Ready for Hillary raised its money from more than 33,000 Americans, with 98 percent of donors giving $100 or less. Most of the funds were raised in the second half of the year at events held around the country to rally support for Clinton. In a statement, Ready for Hillary executive director Adam Parkhomenko said the group exceeded its fundraising goals for the year, calling the organization and its support “unprecedented.”
“We will continue to build capacity across the country to put Hillary in the strongest position possible should she decide to run,” he said.
During an interview with Barbara Walters on her ABC special profiling the 10 Most Fascinating People of 2013, Clinton, 66, said she hadn’t made up her mind about running and expects to decide later this year.
“It’s such a difficult decision, and it’s one that I’m not going to rush into . . . and I don’t think we should be looking at the next election,” Clinton said. “We should be looking at the work that we have today. Our unemployment rate is too high. We have people getting kicked off food stamps who are in terrible economic straits. Small business is not getting credit. I could go on and on, so I think we ought to pay attention to what’s happening right now.”

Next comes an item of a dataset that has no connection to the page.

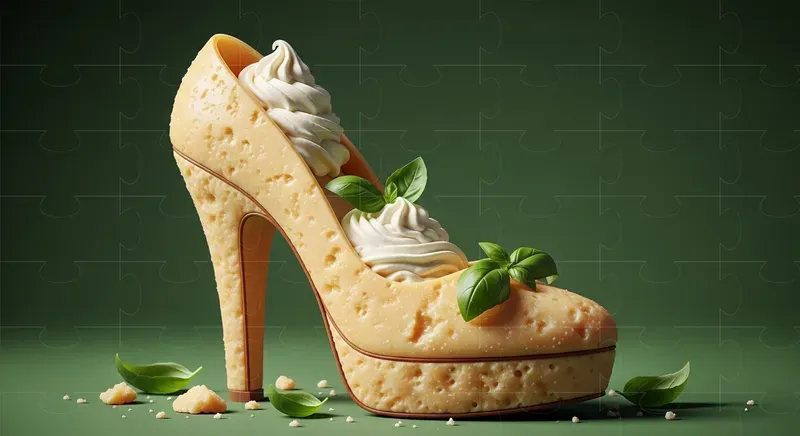 Elegant Edible Shoes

Clinton has spoken out on a number of issues, such as endorsing same-sex marriage, lamenting the Supreme Court decision on the Voting Rights Act, and urging Congress to rewrite the nation’s immigration laws.
“By talking about those issues, she is . . . inserting herself in the conversation,” Maria Cardona, a former Clinton spokeswoman in 2008 who now works at Dewey Square Group, a public affairs firm, told the Miami Herald.
“The Democrats’ 2016 front-runner is in hiding,” America Rising, a conservative opposition research group, wrote in November. “That demonstrates just how weak her party’s current political position is and underscores that Hillary, more than anything, is a political animal.”
If Clinton does decide to run, right now she seems to be a virtual shoo-in for the nomination. She has a more than 5-to-1 advantage over her nearest rival, according to a recent McClatchy-Marist poll, even thoroughly eclipsing Vice President Joe Biden.